Wednesday, 28 March 2018

PER-SHARE EARNINGS: How Warren tells the winners from the losers

PER-SHARE EARNINGS: How WARREN TELLS THE WINNERS FROM THE LOSERS

Per-share earnings are the net earnings of the company on a per-share basis for the time period in question. This is a big number in the world of investing because, as a rule, the more a company earns per share the higher its stock price is. To determine the company's per-share earnings we take the amount of net income the company earned and divide it by the number of shares it has outstanding. As an example: If a company had net earnings of $10 million for the year, and it has one million shares outstanding, it would have per-share earnings for the year of $10 a share.

While no one yearly per-share figure can be used to identify a company with a durable competitive advantage, a per-share earnings figure for a ten-year period can give us a very clear picture of whether the company has a long-term competitive advantage working in its favor. What Warren looks for is a per-share earning picture over a ten-year period that shows consistency and an upward trend.

 Something that looks like this:


08
$2.95
07
$2.68
06
$2.37
05
$2.17
04
$2.06
03
$1.95
02
$1.65
01
$1.60
00
$1.48
99
$1.30
98
$1.42


This shows Warren that the company has consistent earnings with a long-term upward trend---an excellent sign that the company in question has some kind of long-term competitive advantage working in its favor. Consistent earnings are usually a sign that the company is selling a product or mix of products that don't need to go through the expensive process of change. The upward trend in earnings means that the company's economics are strong enough to allow it either to make the expenditures to increase market share through advertising or expansion, or to use financial engineering like stock buybacks.

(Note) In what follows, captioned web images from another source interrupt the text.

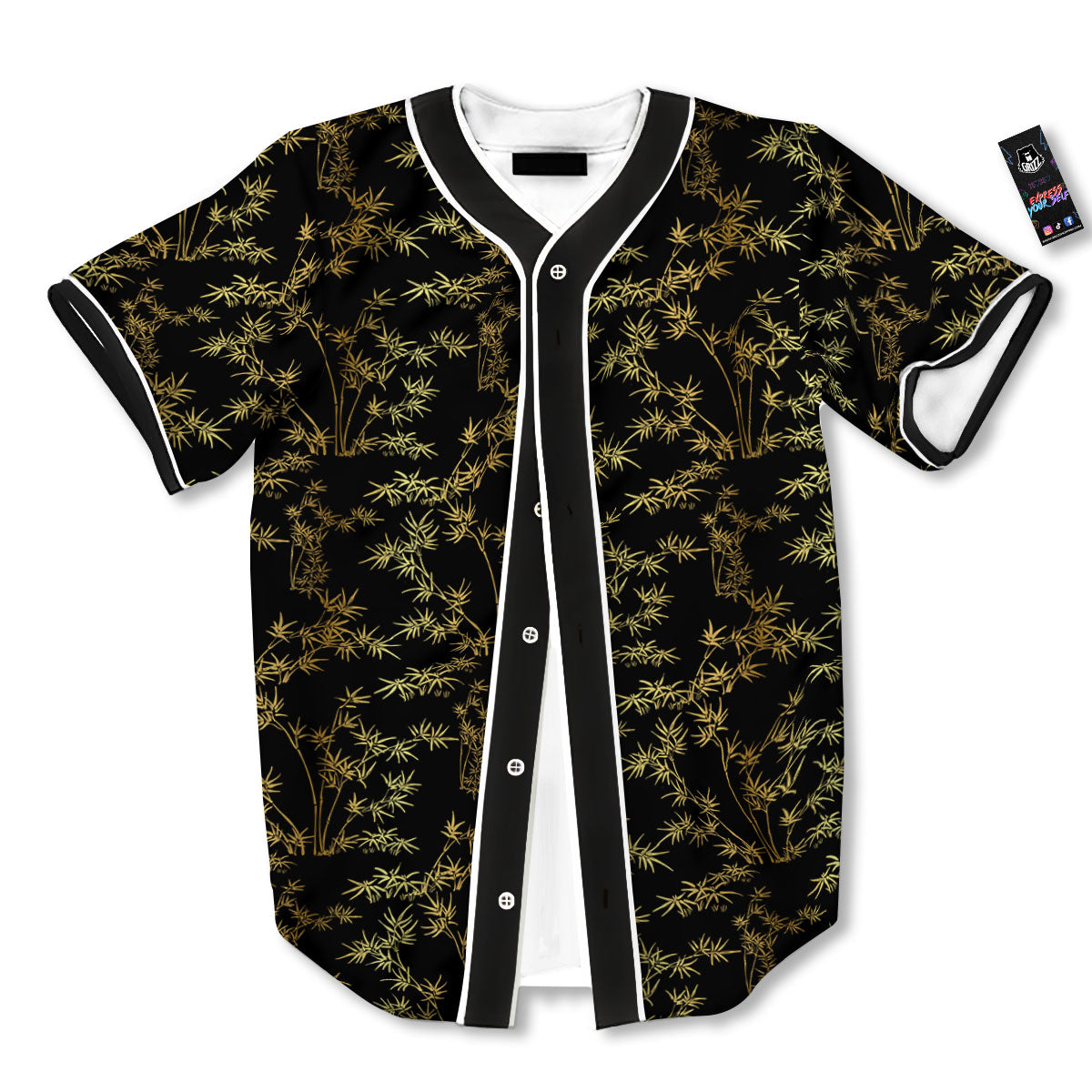 Japanese Bamboo Black And Gold Print Pattern Baseball Jersey-grizzshop
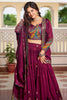 Alluring Wine Thread Embroidered Silk Wedding Wear Lehenga Choli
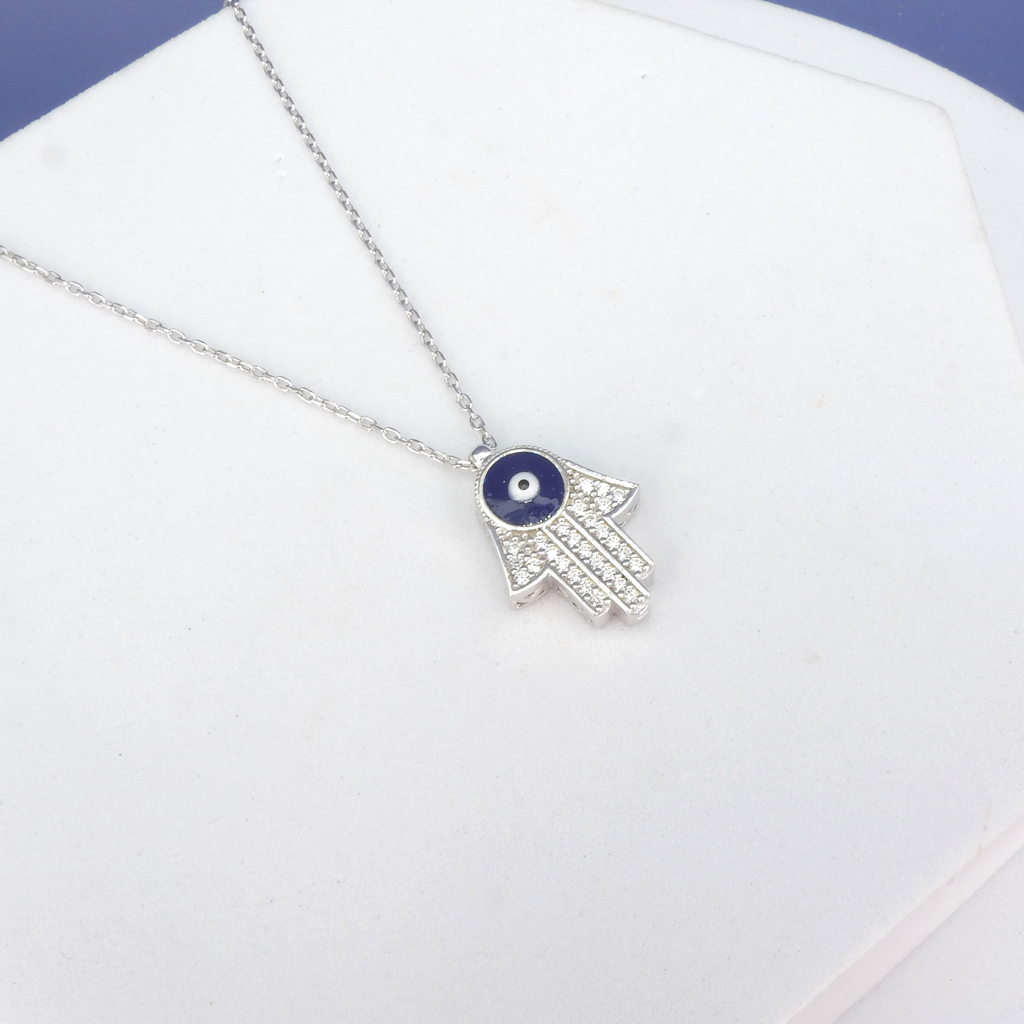 Sterling Silver CZ & Enamel Hamsa Evil Eye Necklace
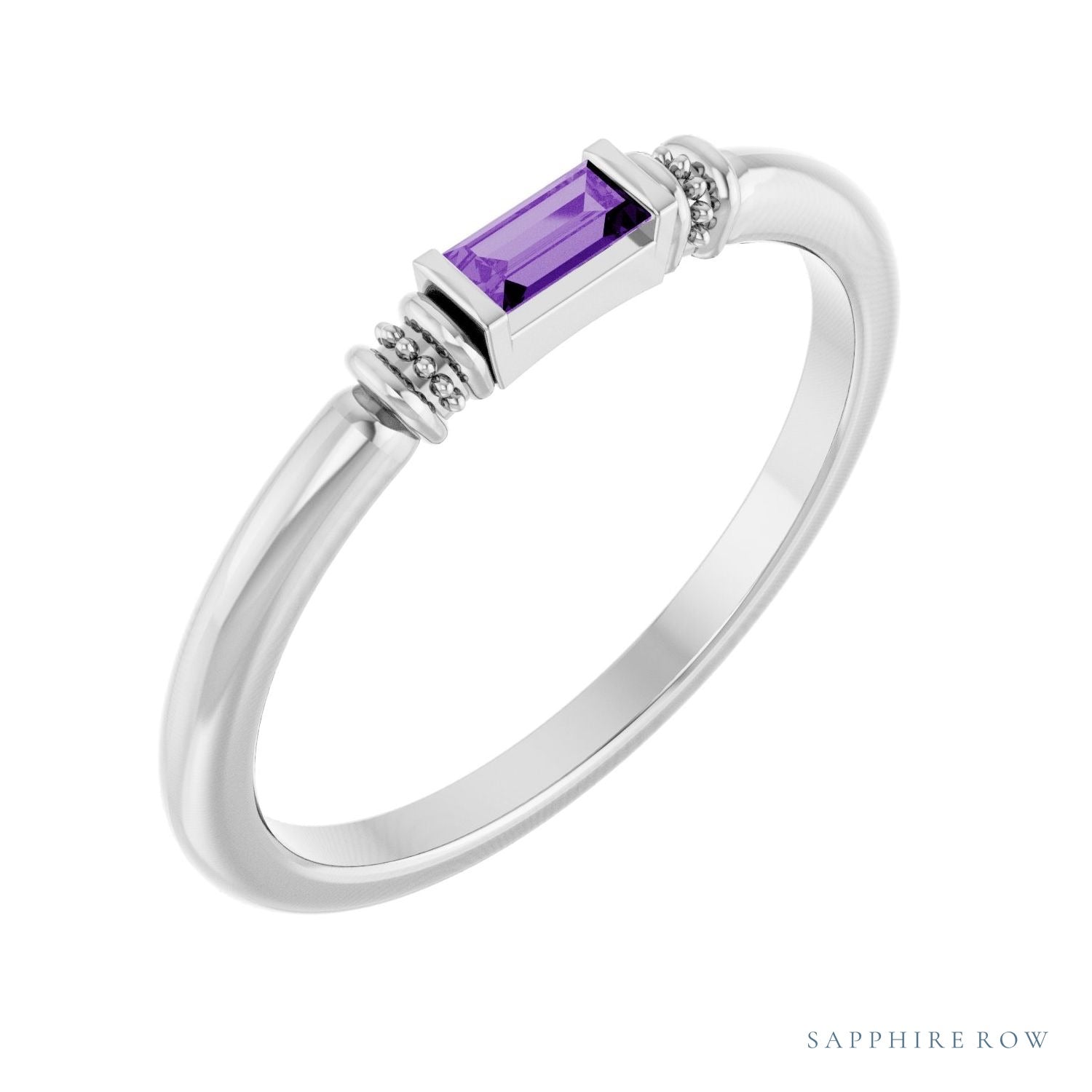 Sapphire Row Lab-Grown Gemstone Baguette Stacking Ring - Purple Sapphire, 14K White Gold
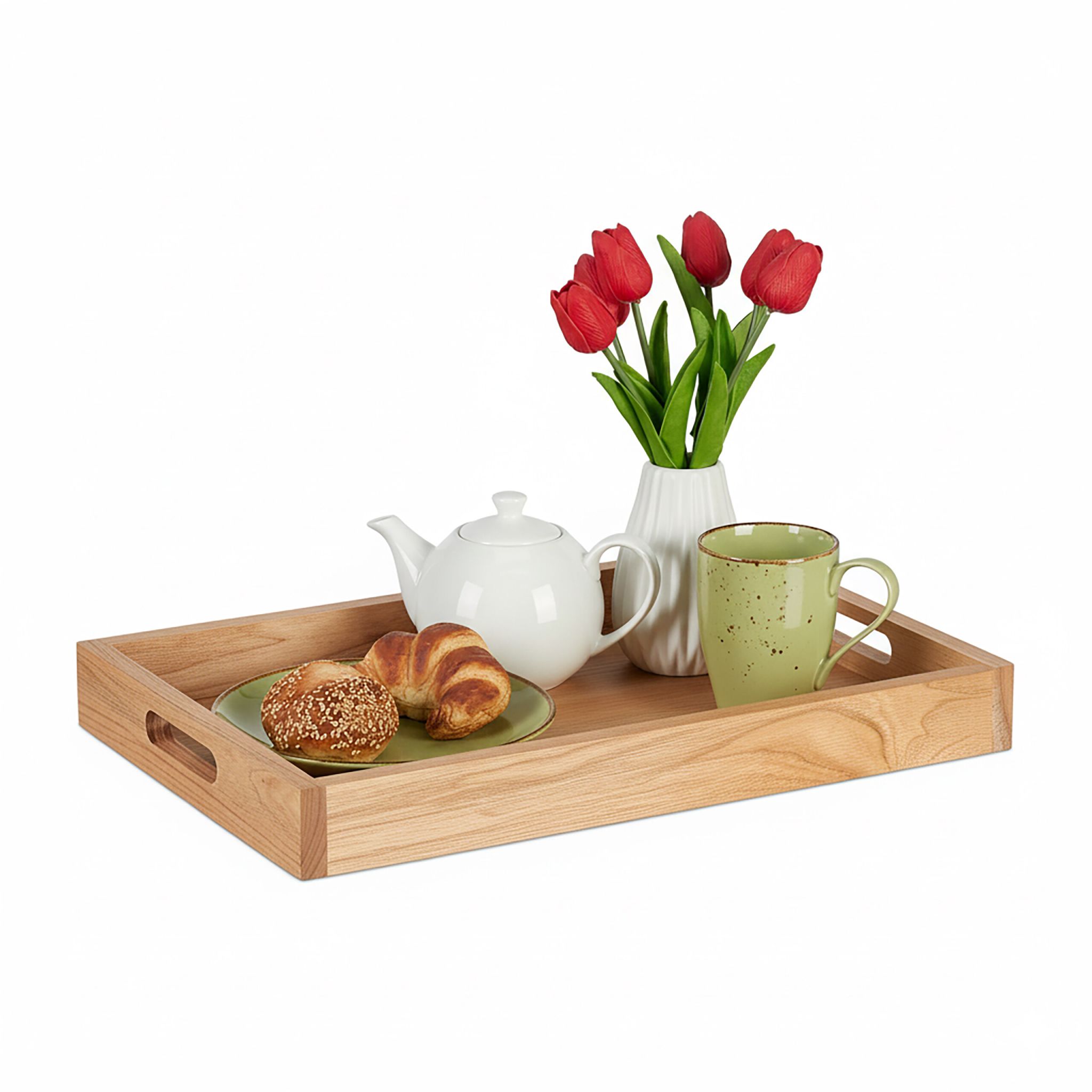 Serviertablett Walnussholz & MDF Hellbraun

The companies that Warren stays away from have an erratic earnings picture that looks like this:
                       

08
$2.50
07
         $(0.45) loss
06
$3.89
05
         $(6.05) loss
04
$6.39
03
$5.03
02
$3.35
01
$1.77
00
$6.68
99
$8.53
98
$5.24


This shows a downward trend, punctuated by losses, which tells Warren that this company is in a fiercely competitive industry prone to booms and busts. The booms show up when demand is greater than supply, but when demand is great, the company increases production to meet demand, which increases costs and eventually leads to an excess of supply in the industry. Excess leads to falling prices, which means that the company loses money until the next boom comes along. There are thousands of companies like this, and the wild price swings in shares, caused by each company's erratic earnings, create the illusion of buying opportunities for traditional value investors. But what they are really buying is a long, slow boat ride to investor nowhere.